When asked to describe a satellite time-lapse, it is extremely likely that one would extrapolate some sort of time-series creation that shows gradual change with the use of natural colour images. It is however in this method of displaying satellite imagery, that a great deal of information is lost. To elaborate, individuals viewing such time-series creations cannot interpret quantifiable descriptors that may aid in conveying a message. Take for example the time-lapse provided below.
For what it is, a simple visual attempt at identifying change, the time-lapse above does an effective job at conveying change. Having said this however it does not provide the viewer with quantifiable observations, like the area developed per year, or even the ratio of land to water, as an example. Such statistics would be extremely useful in not only further illustrating a point, but also further encapsulating a viewer in the creation made. With this being said there are methods in which information can be derived from satellite imagery to provide viewers with a greater level of detail.
Within the realm of remote sensing, or the field in which data are collected without having a physical presence, there are a number of methods that allow individuals to interpret quantifiable data from the images one may capture. The most significant method being, a change detection. As a brief summary of what a change detection is, it is a temporal analysis between two, or more, periods of time, where either multi-spectral, or hyper-spectral images, and subsequent band combinations, are used to identify quantifiable areas of change between temporal foci. A change detection is of significant importance as it imparts the viewer with a definitive measure of change, far from the interpreted observation of change found within a regular timelapse. Taking a step back, one could quite easily identify, and even argue that in order to create a more effective timelapse, one could combine aspects of a change detection, creating an enhanced, and ever effective geo-visualization. Such a creation would bridge the gap between the lay, and the academic.
But such a thought begs the question; how could this be accomplished? Better yet, how could a timelapse, comprised of hundreds of composite spectral images, that displays a quantifiable characteristic, be created in an timely, and effective manor?
Put simply, programming is the answer to such questions.

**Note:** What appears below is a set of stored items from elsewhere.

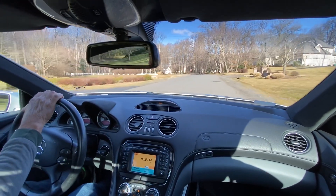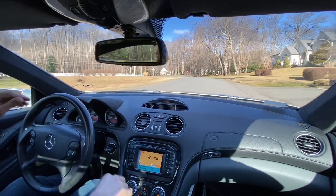Convertible top, radio, everything works great, which I'll demonstrate in another video.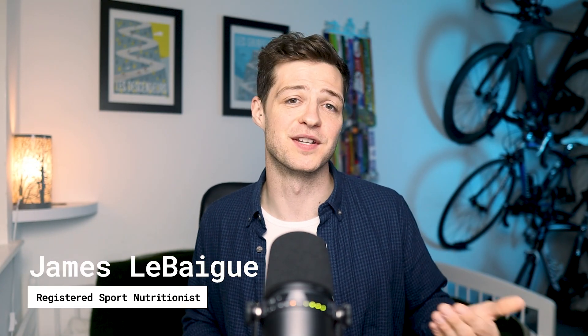Get more out of your training and reduce the risk of illness and injury. If you're new here, my name's James and I'm a registered sport and exercise nutritionist. I work with amateur and professional endurance athletes to help them train and race better, improve their recovery and do all of this in a healthy fashion.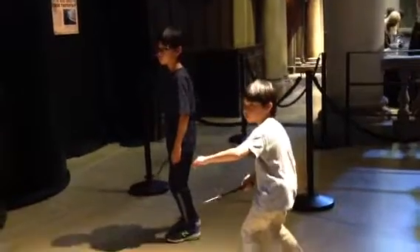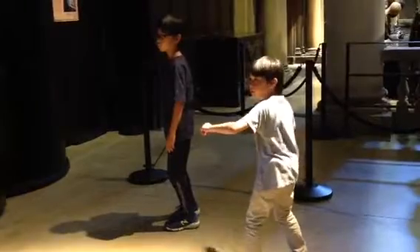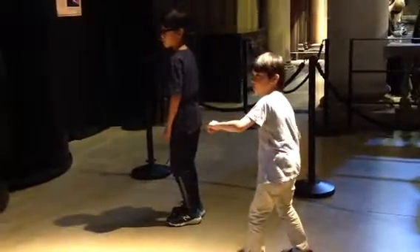Bring your left side across and your left arm to protect your centre. Keep your eye on the target at all times. Now, let's see you try that.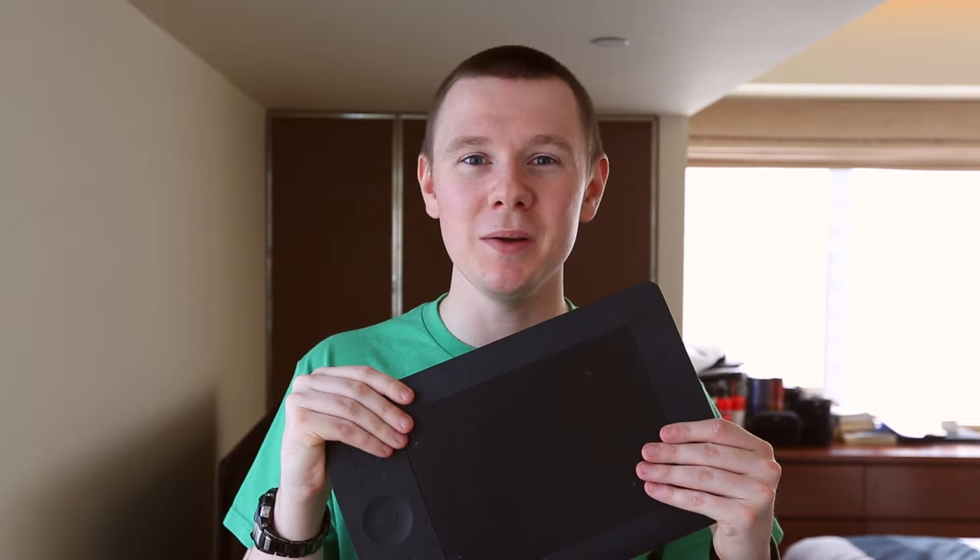Hey guys, Craig McCormick here from DestructivePixels.com and today I want to talk to you about the 5 reasons why I love using my Wacom tablet.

By creating a number of programs, an effective timelapse can be created that can be an effective evolution, from what was previously used. In an attempt to elaborate such a plan, such an attempt follows three steps:
- Create a program, a web-driver, that downloads an entire dataset, in this case all Landsat 4 – 5, imagery for a specific row, and path, in the absence of an API, or database. For an effective geo-visualization to be created, a great deal of data are needed.
- Instantiate a program, that opens each file, in this case Landsat image, and pulls three bands to be used to create a composite image that will better show a specific type of geographic change..
- Develop a program, that classifies imagery based on a predefined signature class, a file containing information on predetermined training classifications, that will then find, and append, the total area of a classification to a CSV file.
Put simply, the series of programs that will be created will create the intended geo-visualization, as well as do so in an efficient manor.
Attached are two links to a Dropbox folder, both links are direct connections to both programs needed to, download, and compose the images in focus.
*Note, that in-depth comments have been provided for each stage, within each program. A general idea, as well as flow of each program should be quite easy to interpret.
It should be noted however, in the process of creating such a geo-visualization, a significant error arose. To elaborate, in the process of creating the final program, the GIS software, in this case ArcGIS, through the manipulation of ArcPY, failed on multiple attempts to read a signature file, and create a classification for each image. After much research it was concluded that an internal, however still unresolved issue was the main cause. As such, the final, and most important program could not be created.
The images created, were then edited in Adobe Lightroom, a image manipulation software, to remove any significant errors, and stitched together using Adobe Premiere Pro. Additional peices of information, such as titles, summaries, as well as dates were added within Adobe After Effects. The final geo-visualization can be seen below.
In summary, the Landsat timelapse created is extremely unique, it can safely be argued that there are no other geo-visualization methods like it currently present. In regards to what was attempted to be solved, it however did not accomplish all the tasks set out. From the perspective of the viewer, it is an easier method of data interpretation, however, it still lacks the quantifiable data aspect.
With all of this being said however, it is hoped that in the future, when previously mentioned bugs in software are fixed, another, more successful attempt at this geo-visualization can be made.